Mary Lula Noel lived with her parents in Pineville, Missouri, about eight miles from the town which bore her family's name. On Wednesday, December 7, 1892, she was staying with her sister, Mrs Sydney Holly, at the Holly family's nearby home, when a Joplin man named William Simmons arrived to visit her. Simmons was still there on Saturday, December 10, when Mr and Mrs Holly left for a trip to the town of Noel itself. That meant spending the night away, and the Hollys suggested that Simmons might like to accompany them part of the way and then return to Joplin alone. Perhaps they feared what the two young people would get up to if left alone in the house overnight.
Simmons said he'd rather walk as far as Lanagan and then take a train home from there. Mary said she'd stay with him at the Hollys' Mann Farm home until he left, and then cross the Elk River back to her father's house if the water was not too high. If the crossing was impossible, she'd stay on that side of the river with one of the many relatives the Noels had scattered about there.

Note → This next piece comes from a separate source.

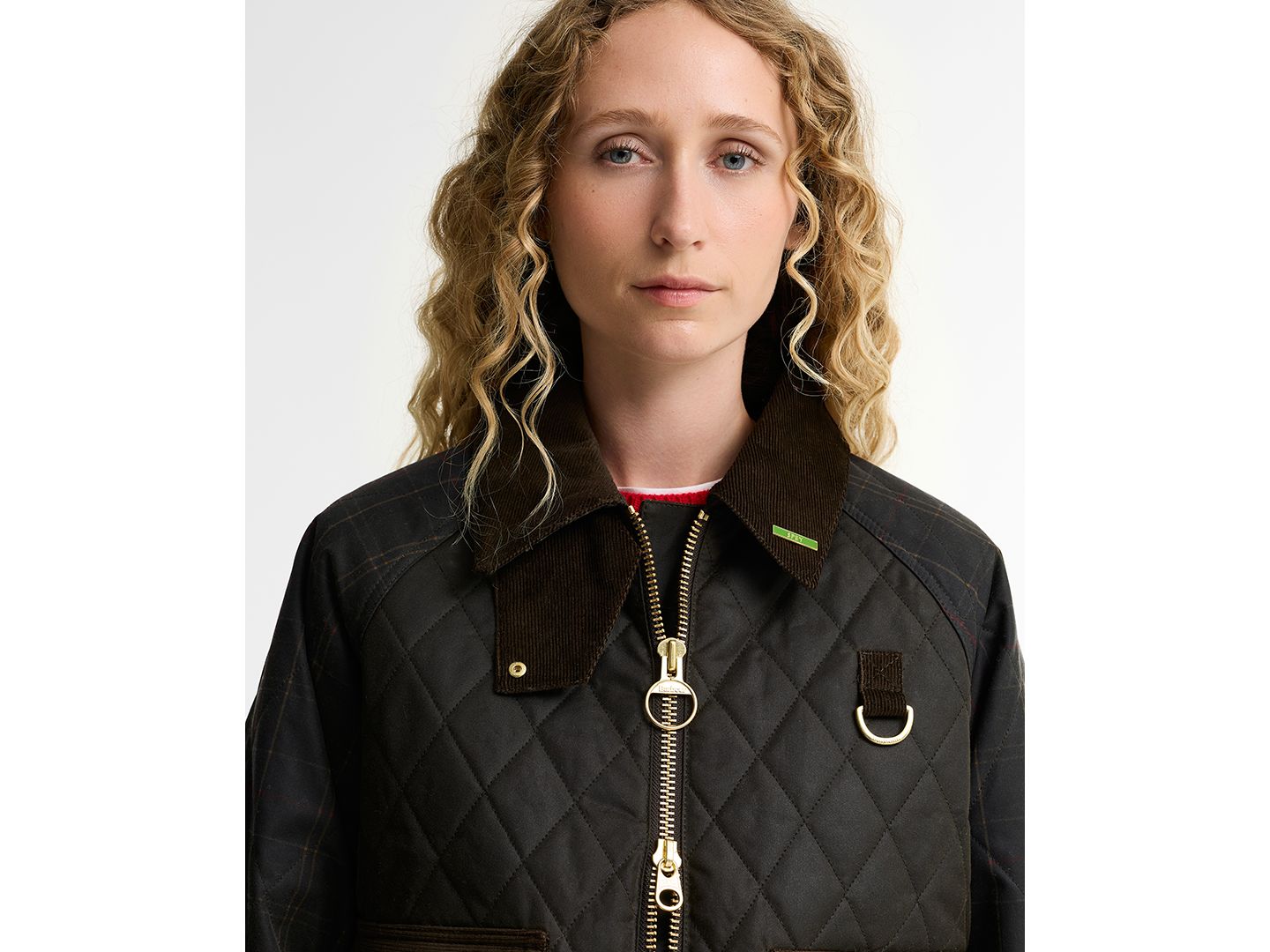 Женская куртка Barbour Tartan Icon Wax Quilt, цвет: Оливковый — фото 3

Judge JA Sturges, who tells this story in his 1897 History of McDonald County, tells us the river's ford was then too flooded for vehicles, but could be negotiated on horseback. “About 8:00 o'clock in the morning Holly and his wife started away, leaving Simmons and Miss Noel together at their house,” he adds. “This was the last ever seen of her alive.” (8)

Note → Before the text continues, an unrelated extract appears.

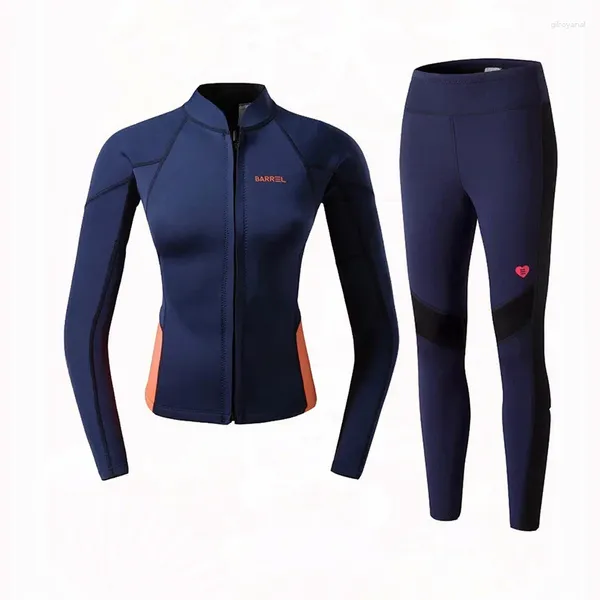 Kadın Mayo Kadınlar Wetsuit Neopren 2mm Ceket ve Dalış Pantolon Slim Myway Free Dalış 2 PCS Seti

Staking my claim to 1683's parish register nugget

I first researched Knoxville Girl back in early 2005, when I was hoping to sell BBC Radio 4 the idea of a series about murder ballads.
     In June of that year, it occurred to me that I should check the burial records for Hogstow in Shropshire to see if there was any trace of a Francis Cooper or an Anne Nichols being interred there in 1684.

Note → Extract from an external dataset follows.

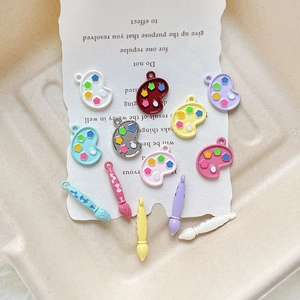 Artistic alloy palette and paintbrush charms for DIY bracelets and jewelry making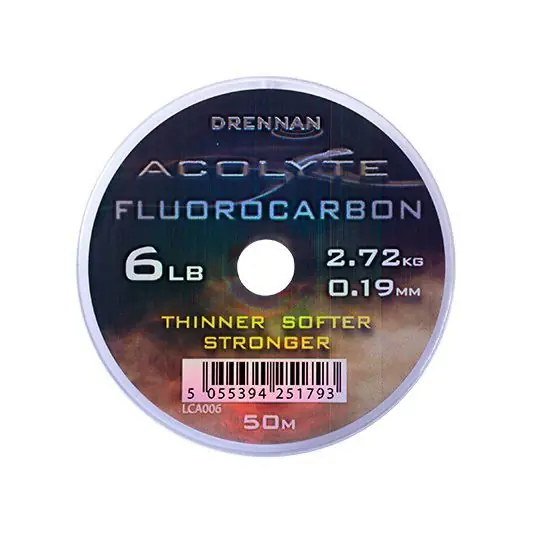 Plată sigură Fir fluorocarbon Drennan Acolyte Flurocarbon 0.19mm/2.72kg/50m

     I worked out that the closest surviving church was the Holy Trinity in Minsterley, told Alan Toop, the vicar there, about The Bloody Miller, and asked him if he had any churchyard records going back that far.
     Reverend Toop said any records from that era would be stored at the Shropshire Archive, so I e-mailed them with all the details I had and sat back to await results. On June 30, 2005, I got a reply from the Archives' Jean Evans saying:
     “I have searched the transcript of the Westbury Register for 1683 and found an entry for the burial of Anne Nicholas, murdered (truculenter occisa – ie a violent death), and then later a baptism of a child, Ichabod, son of Francis Cooper, homicide, and Anne.
     “There is no entry for a burial of Francis Cooper, and the child baptised would be the child of Francis and Anne Cooper.”
     Jean sent me the documents she'd consulted a few days later, enclosing a photocopy of both the Westbury Parish Register's hand-written original and a printed transcript. These showed that Anne had been buried on March 1, 1683, and Ichabod baptised on March 24.
     The lack of a burial record for Francis Cooper was disappointing, but I'd half-assumed the church would have refused to bury an executed murderer on holy ground anyway.